Consid. 5.2 [résumé]
Les juges cantonaux ont confirmé l’abattement de 10% appliqué par l’assurance-accidents. Ils ont refusé d’augmenter ce taux en raison de sa qualité d’étranger. Les lacunes linguistiques en français et le manque de formation professionnelle avaient déjà été intégrés, l’assurance-accidents ayant utilisé le niveau de compétence 1 de l’ESS (activités ne nécessitant ni formation ni expérience professionnelle) pour calculer le revenu d’invalide.

Consid. 5.4
Le raisonnement de la cour cantonale échappe à la critique.

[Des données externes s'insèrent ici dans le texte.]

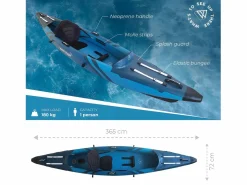WATTSUP Deportes Náuticos * KAYAK HINCHABLE DE ALTA PRESIÓN TORPEDO 1 PLAZA Azul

L’assuré, au bénéfice d’un permis d’établissement et vivant en Suisse depuis de nombreuses années au moment de la décision sur opposition de l’assurance-accidents, n’est pas prétérité par rapport à une personne de nationalité suisse (cf. ATF 126 V 75 consid. 5a/cc; arrêts 8C_454/2023 du 19 décembre 2023 consid. 5.4; 8C_883/2015 du 21 octobre 2016 consid. 6.3.2; 8C_738/2012 du 20 décembre 2012 consid. 6.2). Par ailleurs, sa mauvaise maîtrise du français et des autres langues nationales ainsi que son manque de formation professionnelle ne sont pas déterminants dans le contexte d’activités du niveau de compétence 1, qui ne nécessitent ni formation ni expérience professionnelle spécifiques (cf. arrêts 8C_454/2023 précité consid. 5.4; 8C_659/2021 du 17 février 2022 consid. 4.3.2; 9C_550/2019 du 19 février 2020 consid. 4.3; 9C_898/2017 du 25 octobre 2018 consid. 3.4). En confirmant le taux d’abattement de 10% retenu par l’assurance-accidents, le tribunal cantonal n’a commis ni excès ni abus de son pouvoir d’appréciation.

 

Le TF rejette le recours de l’assuré.